Cengiz Akgün

Cengiz Akgün

GEBZE’Yİ GEBZE’YE RAĞMEN YOK SAYMAK

GEBZE’Yİ GEBZE’YE RAĞMEN YOK SAYMAK

10 adet OSB’de İrili küçüklü 2 bini aşkın sanayi kuruluşu, hızla artan nüfus (408 bin), çarpık yapılaşma ile sürekli anılan Gebze’ye yepyeni bir kimlik, vizyon vermenin zamanı geldi hatta geçiyor bile.

Bu şekilde 50 km öteden idare edilen Gebze’nin istenildiği gibi yaşanılabilir bir kent olarak gelişmesi ve doğru olarak büyümesi olası değil

Gebze’de yaşamayanlar Gebze’yi küçük sıradan bir kasaba olarak biliyor veya çok sayıda fabrikanın bulunduğu bir mıntıka gibi görüyor.

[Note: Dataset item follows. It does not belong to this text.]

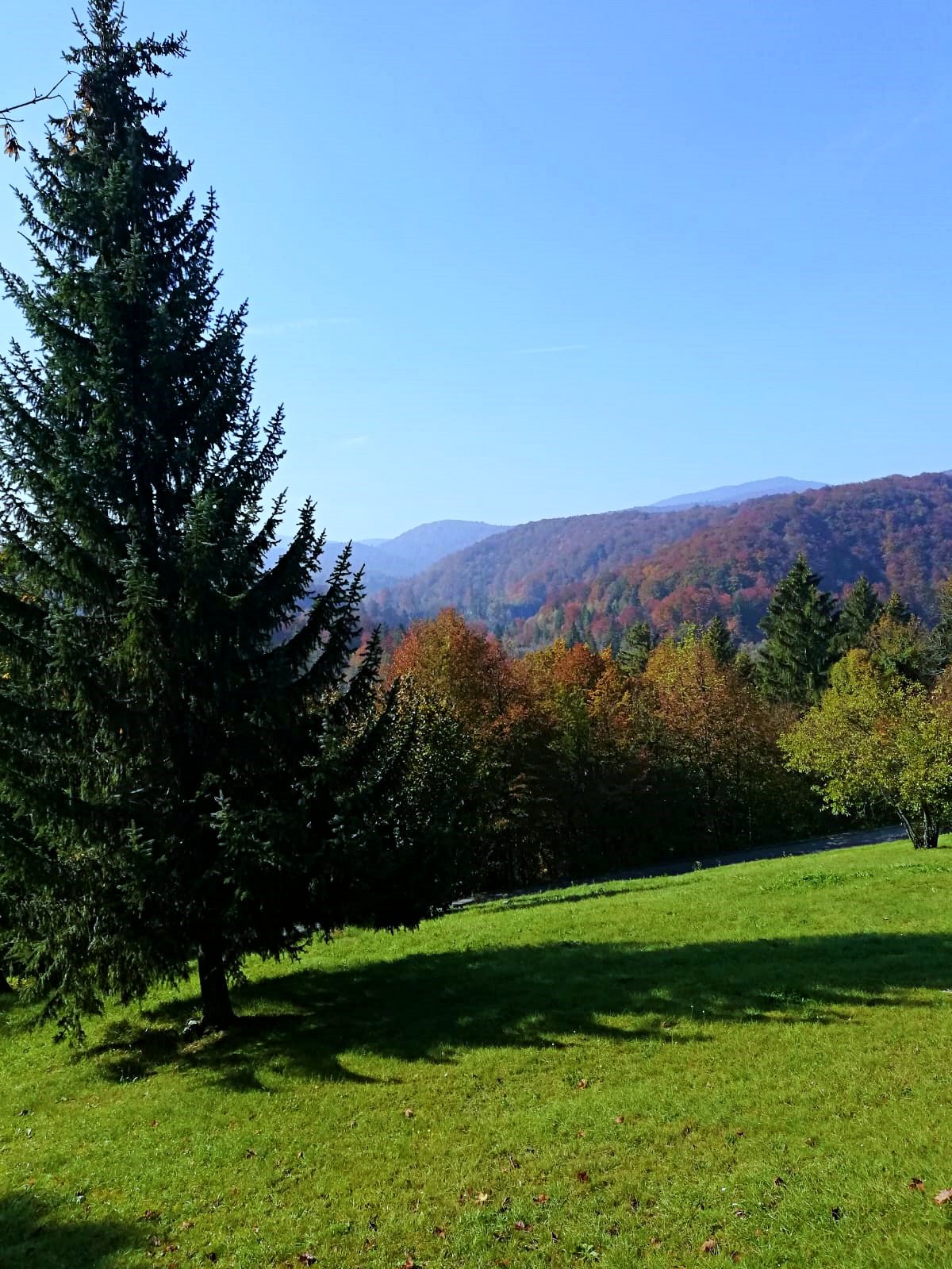 WhatsApp Slika 2024-08-11 u 18.08.10_4a2f4ac3.jpg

Oysa Gebze sanayi ve fabrikadan ibaret değil.

Son 28 yıl içinde gazeteci olarak Gebze’nin ne kadar kenara kıyıya itildiğini, basmakalıp bir ilçe olarak kalması adına bizatihi iktidarlar ve yerel yönetimler eliyle ne denli çaba harcadığını şahsen görerek tanık oldum.

Belki 1990’lu yılların ikinci yarısında Gebze’nin il olması adına yapılan çalışmalar bir nebze ayrı tutulabilir.

Geçtiğimiz günlerde Ankara’dan bir arkadaşımla sohbet ederken kendisini Gebze’ye davet ettim ve ilçemizle ilgili olarak bazı tarihi yerleri anlattım.

Gebze’ye hiç gelmediğini sadece sanayinin yoğun olduğu bir bölge olarak bildiğini söyledi.

Hadisede budur zaten.

Gebze hava kirliliği, sürekli göç alan, fabrikalarla kuşatılmış sorunlu bir kent olarak algılanıyor.

Belki yerel yönetimlerde az da olsa iyi niyetli olarak kimi konularda çözüm için çaba göstermiş olabilir fakat yerinden yönetimin olmadığı her çaba çözümsüzlüğe çıkıyor.

DERİNLİĞİ OLAN BİR BÖLGE

Oysa Gebze’nin gerçekten çok önemli tarihi bir geçmişi var.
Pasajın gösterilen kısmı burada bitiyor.